▸ **Material provided**:
* * * * * * *

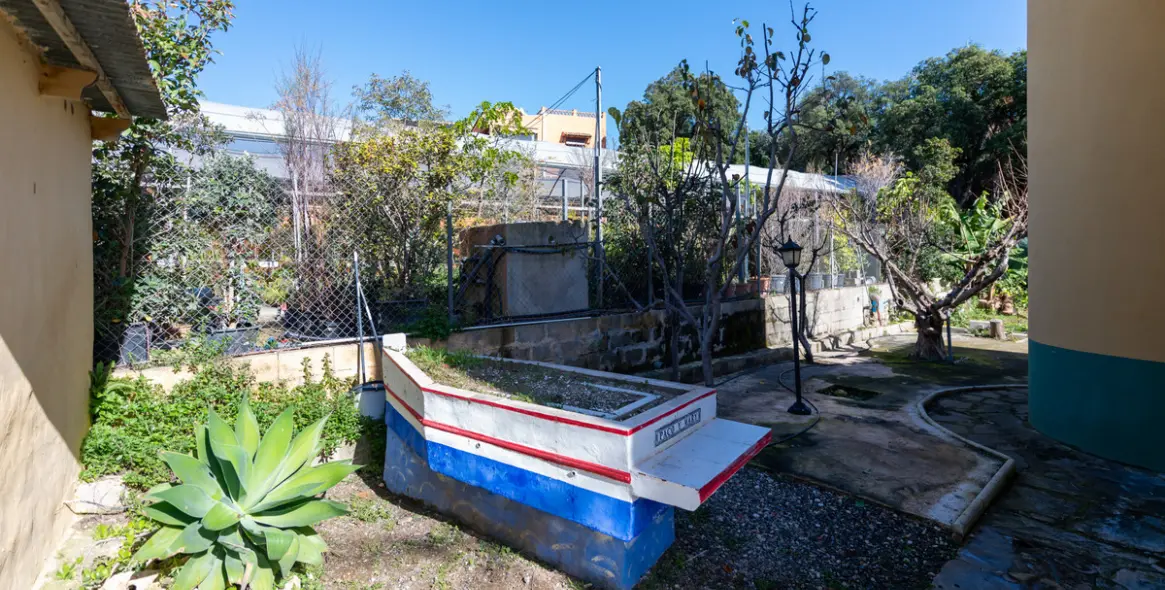 Продажа  отдельно стоящей виллы в Las Chapas 11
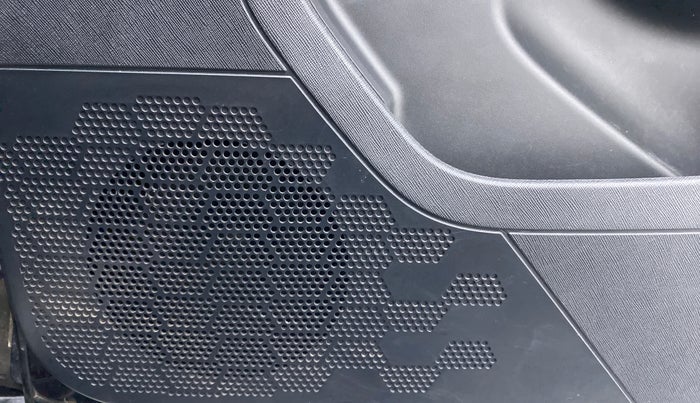 2021 Tata NEXON XZA PLUS (O) DIESEL DARK EDITION, Diesel, Automatic, 31,361 km, Speaker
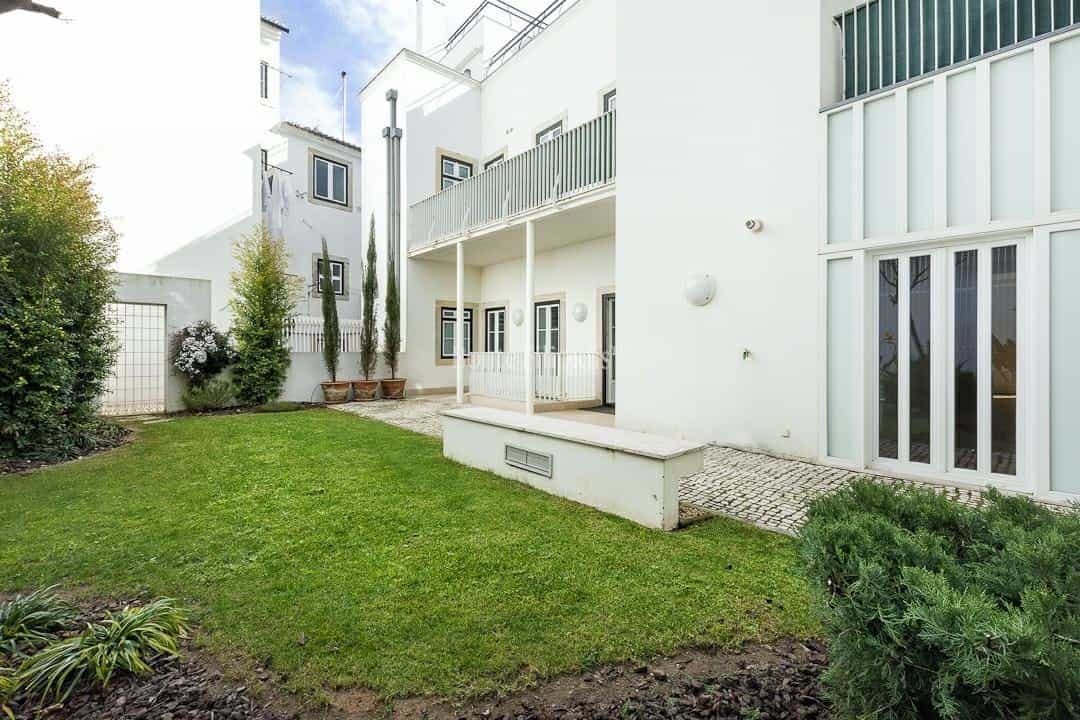 Condominium in Lisbon, Lisboa 11627099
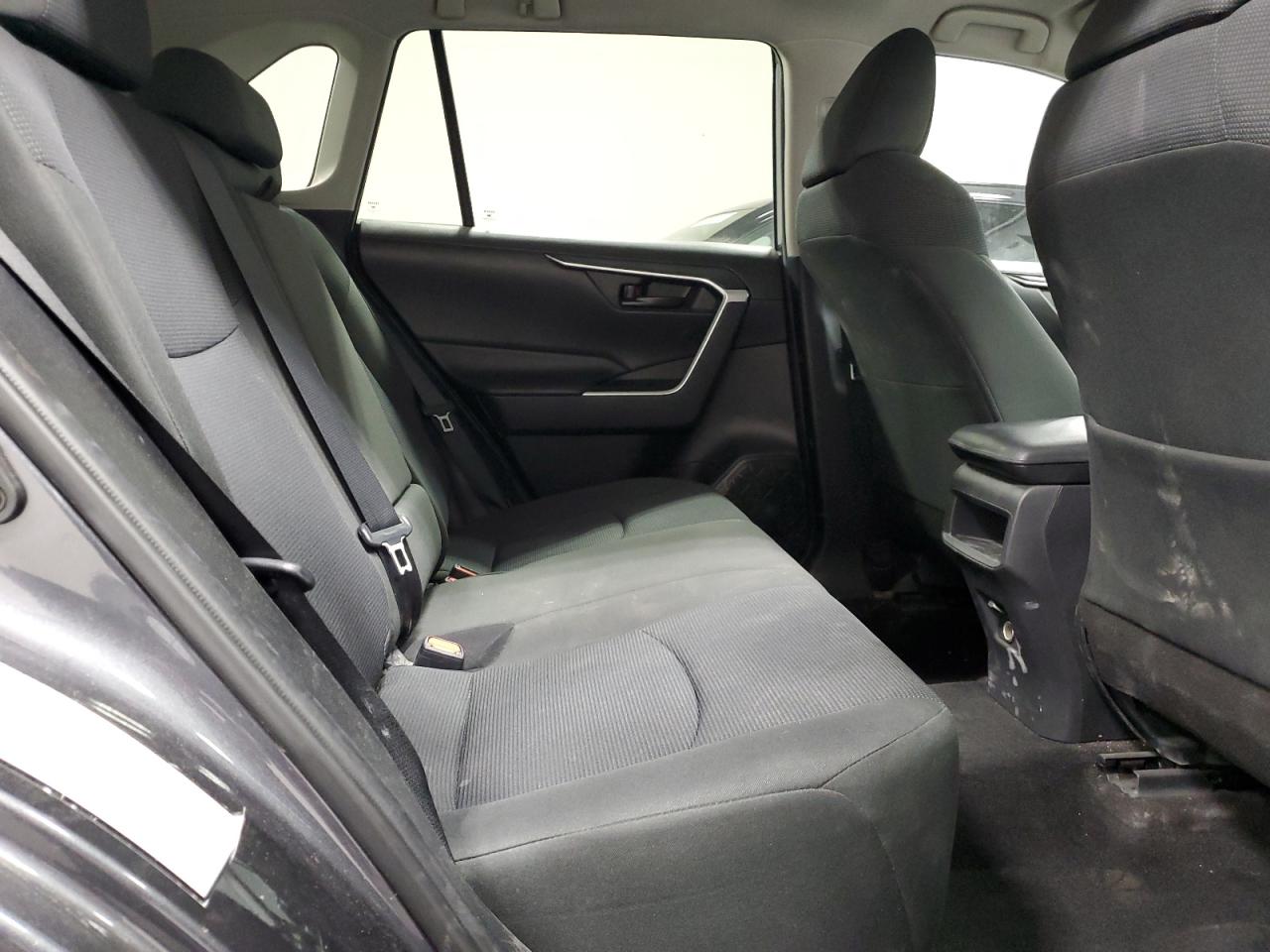 2020 Toyota RAV 4 - Image 11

* * * * * * *

▸ **What to work on**:
Reproduce the material above exactly, but only from the line with "2021 Tata NEXON" through its last line, leaving pictures out.

▸ **Solution below**:
 2021 Tata NEXON XZA PLUS (O) DIESEL DARK EDITION, Diesel, Automatic, 31,361 km, Speaker
 Condominium in Lisbon, Lisboa 11627099
 2020 Toyota RAV 4 - Image 11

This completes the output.